Hundreds of commencement speakers at high school and college graduations across the country have planned this year to deliver a message about the climate crisis, but many report that their schools have censored their speeches. (Photo: Illinois Springfield/Flickr/cc)

More than 350 students across the U.S. have signed up to use their graduation speeches as a call to action directed at lawmakers and older generations, demanding their elders do everything in their power to solve the climate crisis and protect the planet—but many students are facing censorship as they try to get their message out.

Students who joined the Class of 0000 movement planned to give one unified commencement speech at high schools and colleges across the country, demanding that all 2020 political candidates must "have a plan to get to zero emissions, or get zero of our votes."

"A lot of adults blame our generation for being sensitive but we have to deal with the problems they have caused. It's really frustrating. We are vocal about climate change because no one else is going to do anything about it."
—Jessica Lopez, high school graduation speaker
"Together, we have the power to solve the climate crisis," reads the speech. "Every student. Every parent. Every teacher. Every leader. The future is in our hands."

But administrators at a number of schools have claimed the message is "too controversial," asking graduation speakers not to bring up the climate in their speeches.

One organizer for Class of 0000 denounced the censorship as "cowardly."

"It's really frustrating that these graduating students are not being able to give one last remark for the school that they contributed so much to," Lia Harel, an organizer on Class of 0000's national planning team, told Common Dreams.

Students in Massachusetts, California, Arizona, and elsewhere have been told they cannot give the Class of 0000 speech—angering students who say their schools have previously been open to protests like the National Student Walkout for gun control reform last year.

"It's shocking to me that we could voice our opinions then, but are silenced when we want to talk about climate change," Jessica Lopez, a senior at Health Sciences High and Middle College told The Guardian. "A lot of adults blame our generation for being sensitive but we have to deal with the problems they have caused. It's really frustrating. We are vocal about climate change because no one else is going to do anything about it."

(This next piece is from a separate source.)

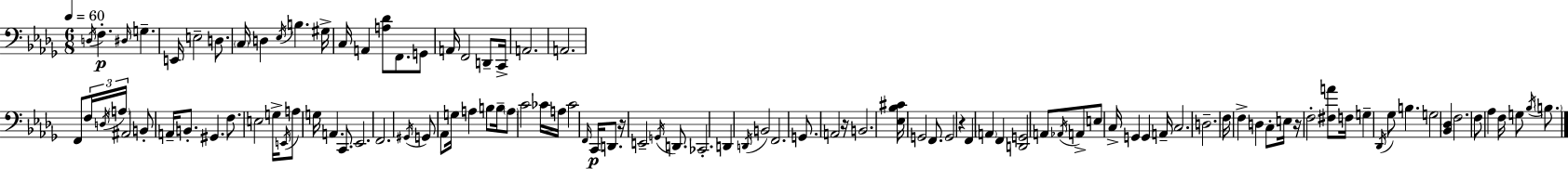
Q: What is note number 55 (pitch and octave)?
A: C2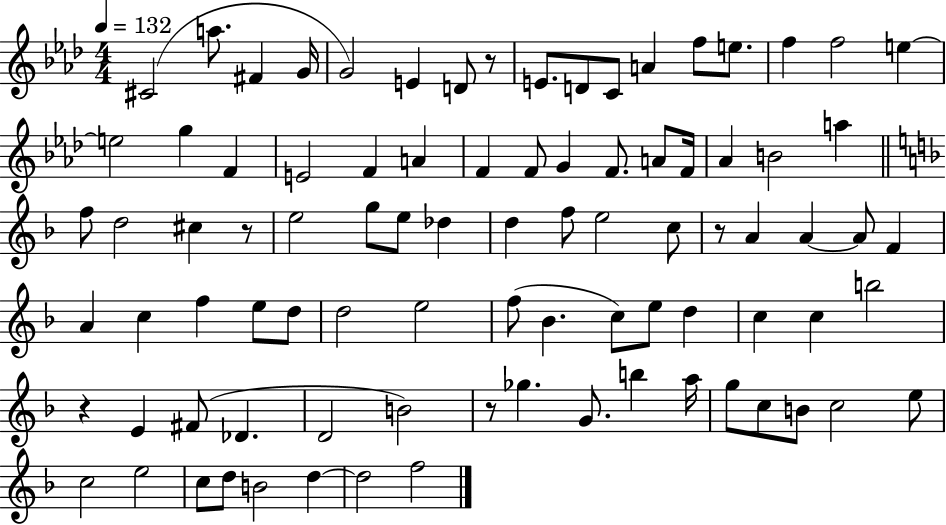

"On this issue, it feels like the adults are the children," Lopez added.

Scientist and organizer Lucky Tran called The Guardian's report "horrific," tweeting that young people should be commended for addressing the climate crisis—an issue that is expected affect people in every corner of the world during today's graduates' lifetime. 

Harel told Common Dreams that the campaign was surprised to see schools objecting to the content of the speech.

"When we were developing the speech we made sure that what we were saying was not directly targeting one particular party or saying anything that is blatantly political," Harel said. "All that we're saying is, 'We want a better future.' ...We worked so hard to make sure these words are [words that] everyone can get behind."

Some students whose speeches have been suppressed have still found a way to spread their message to their fellow classmates and families.

Lopez arranged for her classmates to wear badges reading "No Planet B" to their graduation. Harel advised students who were censored to publicize their school's objections to the speech.

"They need to make sure everyone knows what happened," Harel told Common Dreams.

The suppression, she added, will only fuel her generation's outrage as politicians refuse to accept the scientific consensus that humans are contributing to the climate crisis, fail to rapidly curb planet-warming fossil fuel emissions, and block a swift transition to sustainable energy sources.

"Before every revolution the group in power feels threatened, so they do everything they can to censor those who are speaking out," Harel said. "I want the students to understand that the irony is those restrictions are only fueling our fire, our calls for change."

"This is our revolution this time," she added.